= The problem =
Restate, exactly as written, the entries below from the line that holds "Time to First" through the line that holds "Jak wytłumaczyć dziecku". Pictures are not part of the copy.

━━━━━ Exercise inputs

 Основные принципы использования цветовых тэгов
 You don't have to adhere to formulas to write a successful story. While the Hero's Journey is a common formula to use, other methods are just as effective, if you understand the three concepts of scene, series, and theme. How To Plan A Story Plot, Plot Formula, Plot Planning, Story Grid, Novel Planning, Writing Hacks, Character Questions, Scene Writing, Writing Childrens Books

━━━━━━━━━━
━━━━━ Exercise inputs

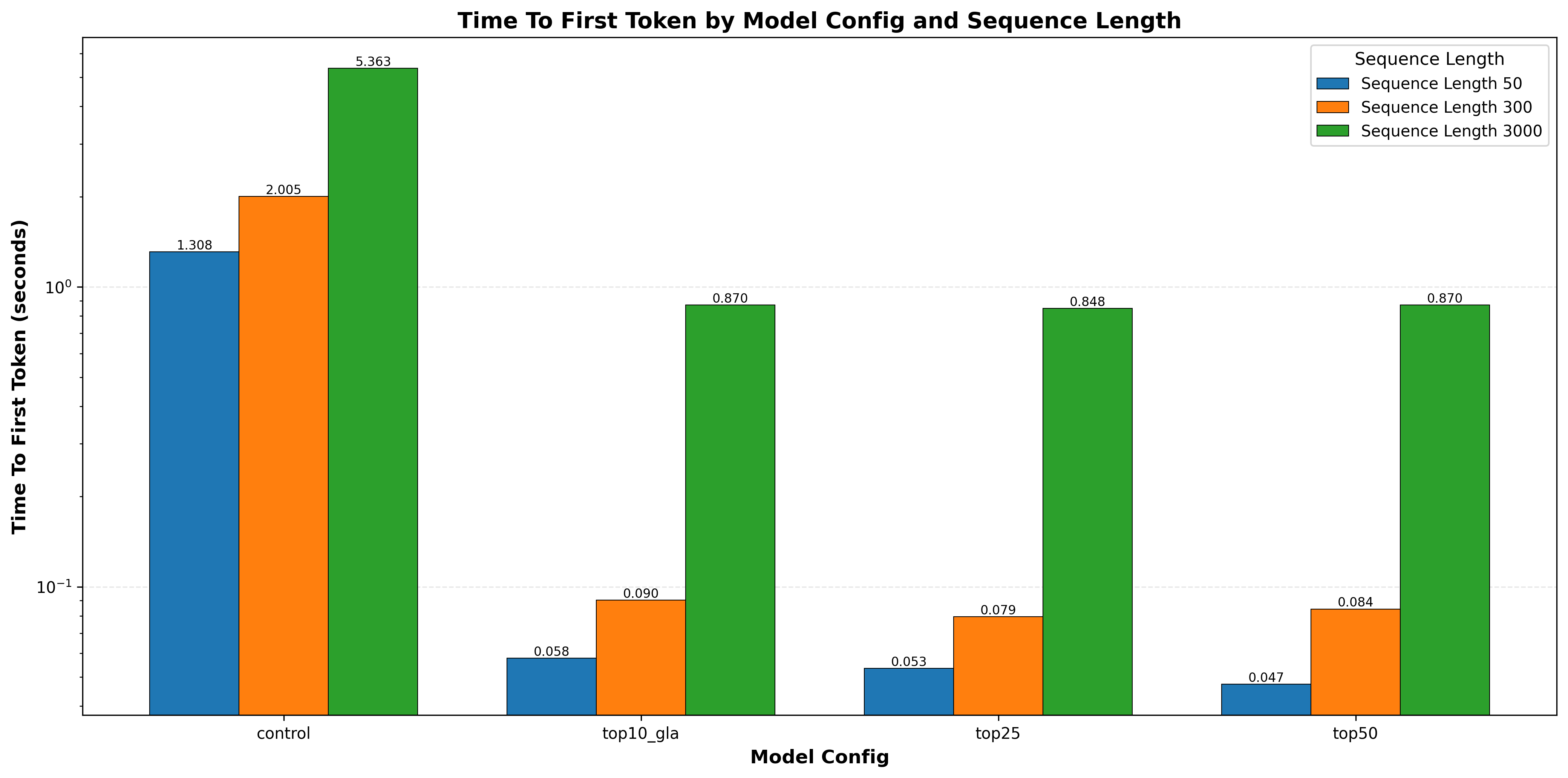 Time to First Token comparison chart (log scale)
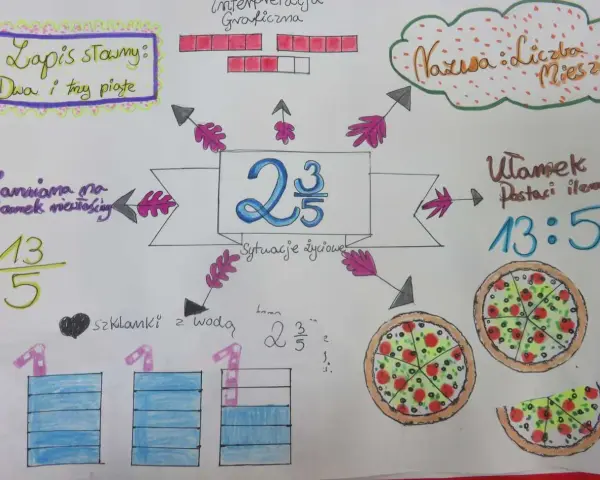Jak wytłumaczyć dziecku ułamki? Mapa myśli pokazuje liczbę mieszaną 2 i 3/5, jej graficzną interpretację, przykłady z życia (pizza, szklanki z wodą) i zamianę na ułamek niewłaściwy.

━━━━━━━━━━

= Result of the exercise =
 Time to First Token comparison chart (log scale)
Jak wytłumaczyć dziecku ułamki? Mapa myśli pokazuje liczbę mieszaną 2 i 3/5, jej graficzną interpretację, przykłady z życia (pizza, szklanki z wodą) i zamianę na ułamek niewłaściwy.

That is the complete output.